Martha’s Vineyard Emergency Management Directors:

  • Aquinnah Emergency Management Director – Forrest Filler
  • Chilmark Emergency Management Director – Timothy Carroll
  • Edgartown Emergency Management Director – Fire Chief Alex Schaeffer
  • Dukes County Emergency Management Director – Martina Thornton
  • Oak Bluffs Emergency Management Director – Fire-EMS Chief Nelson Wirtz
  • Tisbury Emergency Management Director – Christina Colarusso
  • West Tisbury Emergency Management Director – Russell Hartenstine

Check your mailboxes on Friday for this week’s print edition of The Times.


  1. There are 7 words in the headline.
    Also 7 words about school closures.
    If the Times is going to run an article that looks like more than 700 words about school closings, I think it should say something about school closings.
    Why the schools are closed , for example ?
    I can’t think of any rational reason to inconvenience hundreds of parents and keep the kids home today, only to add another day to the school calendar on some nice day next spring.

    • More than 3,000 customers still without power (more when the decision was made), some roads not yet passable, and people using warming shelters up-Island. Maybe you’re among the fortunate ones who has electricity? Good for you.

      • As a working single dad for years, when school was unexpectedly closed , it was inconvenient. Of course they don’t exist for the convenience of parents.
        Reducing traffic on the roads is a rational reason to close the schools.
        Good point.
        My original comment was merely to point out that the original article did not specifically link any issue to the need to close the schools.
        My criticism was that I thought the headline was sensationalism.
        Also, I could be wrong, but don’t all public schools on the island have emergency generators ? I would appreciate feedback on that question.
        I also appreciate the comment from Mary.
        I don’t mind being ” schooled”.

    • The rational reason is to reduce Island traffic to facilitate removal of hazardous conditions caused by the storm.

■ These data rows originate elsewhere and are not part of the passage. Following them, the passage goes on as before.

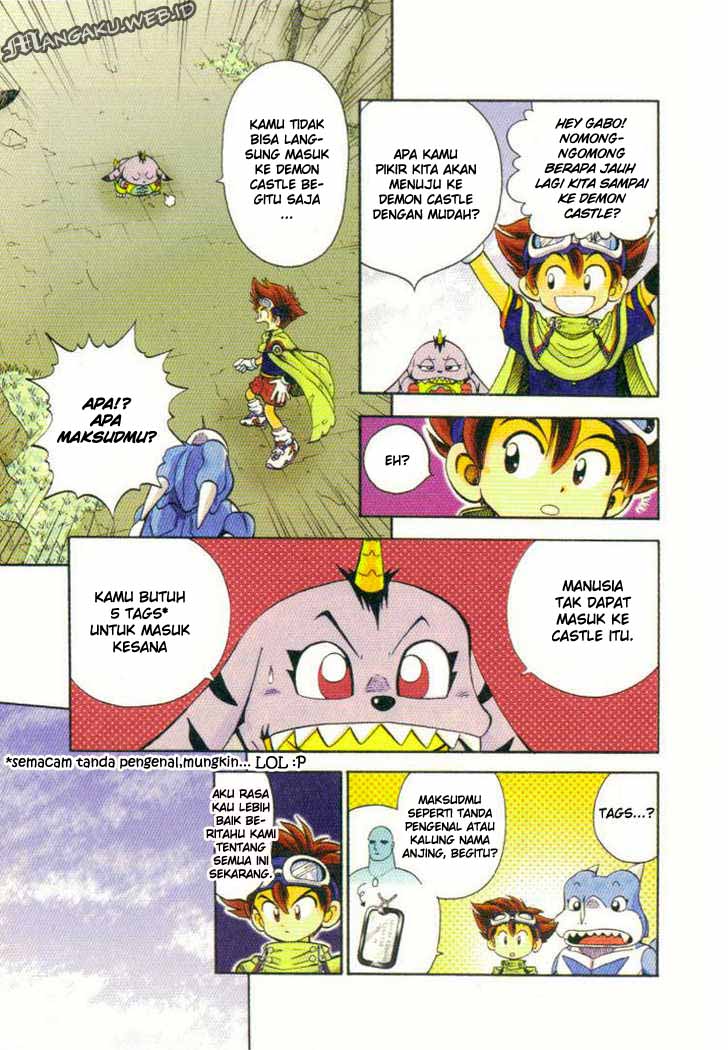Digimon V-tamer Chapter 4 Gambar 3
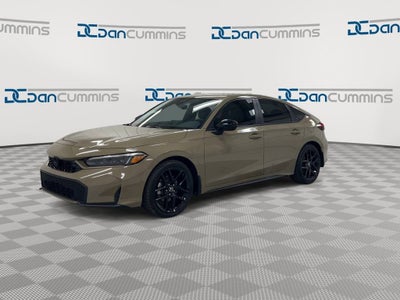 2025 Honda Civic Hatchback Hybrid Sport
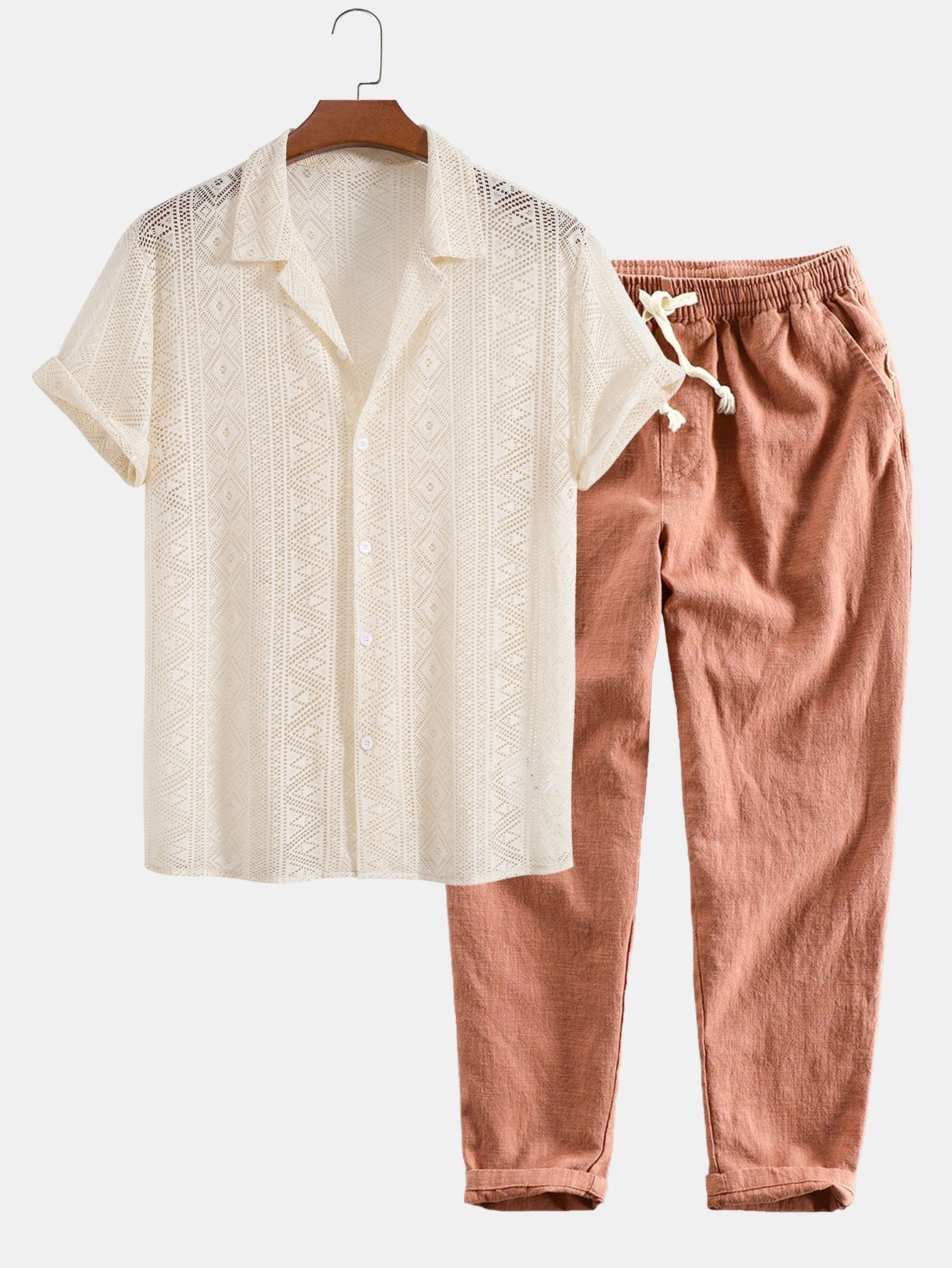 Borja | Conjunto camisa y pantalón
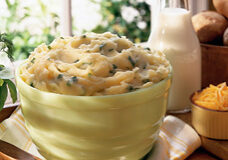 Herbed Cheese Mashed Pot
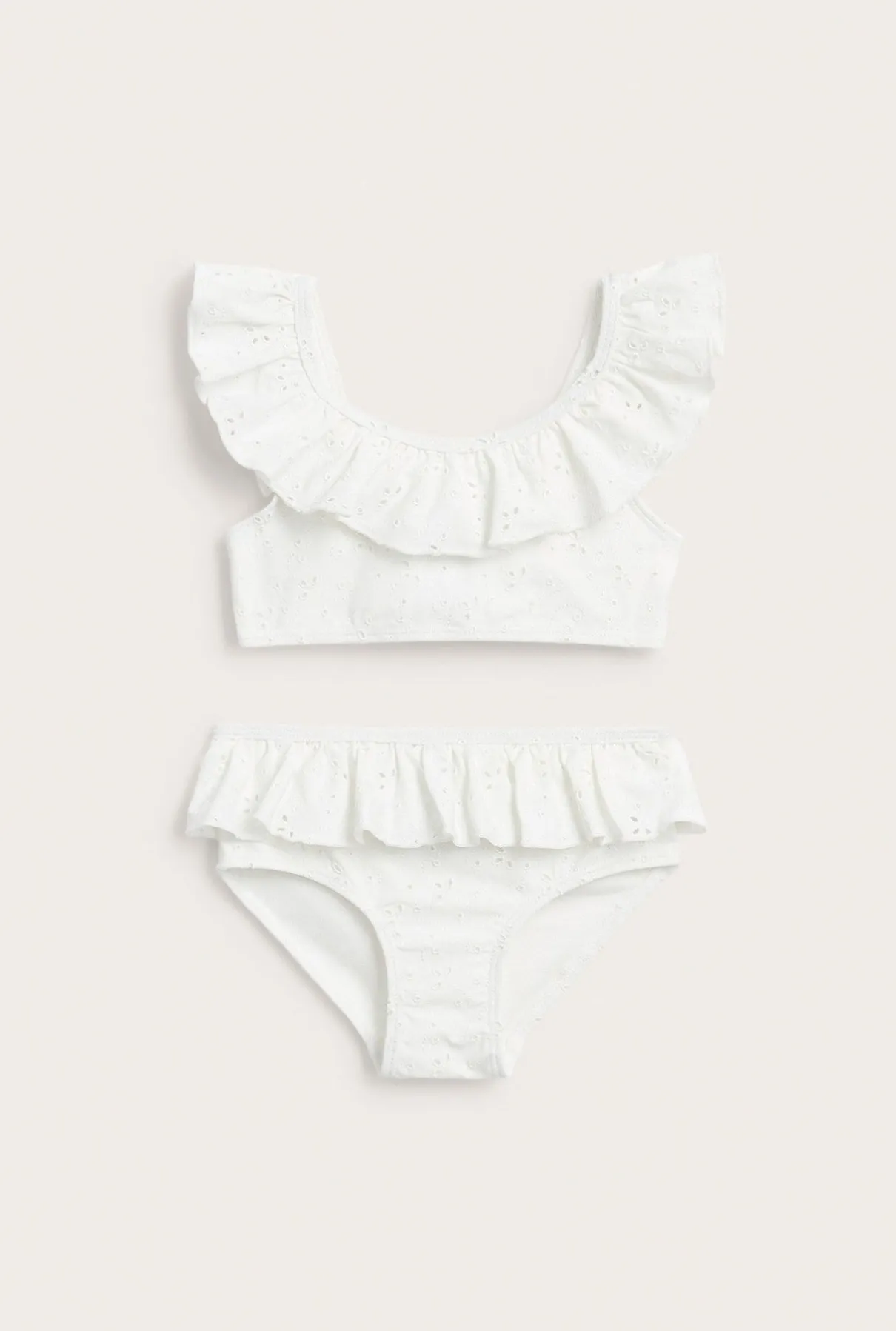 Baby & Kids bikini with frills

  2. I’m a retired school teacher whose grandson attends an Island schools. Regarding the 2nd day of closing, I can think of many reasons – not all schools had power; main and secondary roads were blocked making it dangerous for school buses traveling and picking up students and for parents dropping off their children; many families had no communication so coordinating with school staff was difficult; some families were staying at shelters so impossible to reach. Even though they’re called “snow days,” I believe the Island-wide system has 5 of them for all weather emergencies. My experience is that we don’t get much snow here these winters, but school has been called off for heavy rain and high winds – as we had these past two days. Safety and sanity first.

  3. Does MEME also provide outrage maps? Sounds like we could use them, but the fix doesn’t seem possible at all, ever.